I'm glad it's raining today. It makes me not feel so bad about not wanting to leave the house. I've been feeling guilty about that lately, not wanting to leave the house. I feel like I should be out exploring and doing and seeing and enjoying. Instead I mostly feel like staying home, re-reading Kurt Vonnegut books and fucking around on the internet. My mind is turning to mush and I'm in danger of losing my social skills.
That's entirely untrue, by the way. My mind is overloaded with thoughts and information and I think a mile a minute and it drives me insane. My social skills are better than ever, as I have constant interaction with clever, interesting people all the time. At work, on the subway, in the bagel shop. Everywhere. I had a bunch of friends already here when I moved, and I've made a bunch of new ones too, I'm certainly not lacking in the socialization department.

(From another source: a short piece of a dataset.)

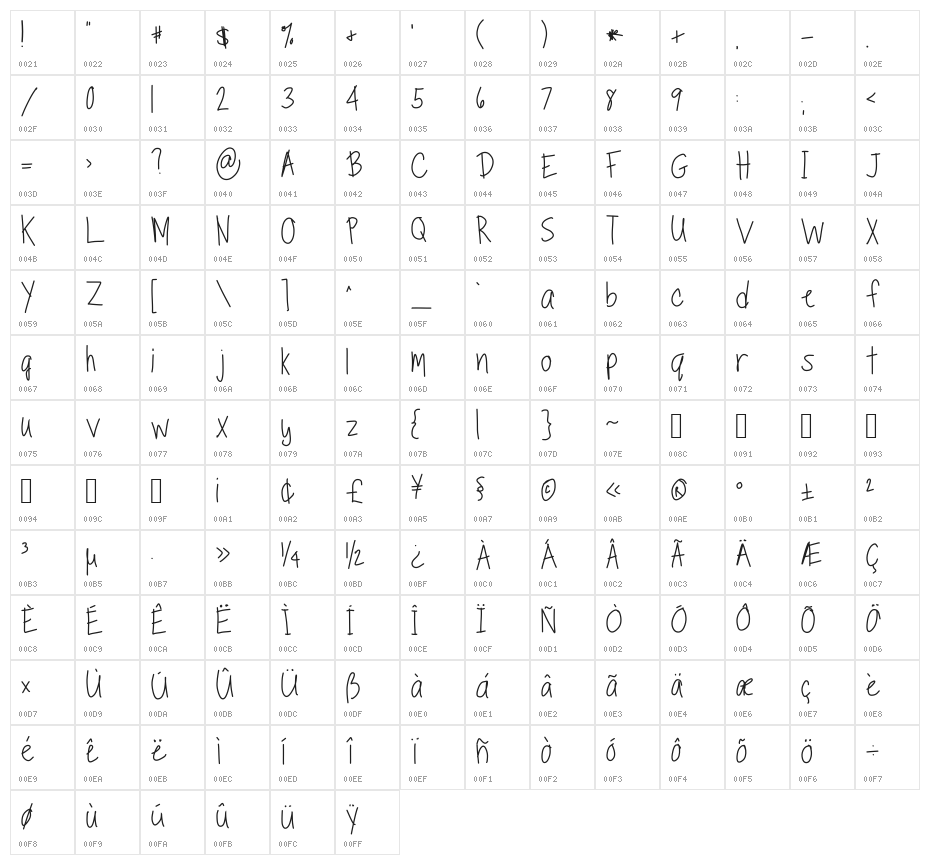 TippyToes Regular Character Map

But more often than not lately, I can't be bothered to leave the building, preferring to sequester myself away up here on the sixth floor and stare out the window. Lately I've been needing to take a break from the world. Days like today are great, because I feel validated. Who the hell wants to go wandering around when it's shitty and wet and cold outside?
Actually, you know what? I do. I'm bored. I feel like I'm wasting time. I want to go wander around my neighborhood. Or some other random neighborhood. I want to go to the library and try to find a Kurt Vonnegut book I haven't read yet, or maybe someone entirely new I've never read before. I want to take a break from taking a break from the world.
Leave it to me to finally get motivated in a fucking rainstorm.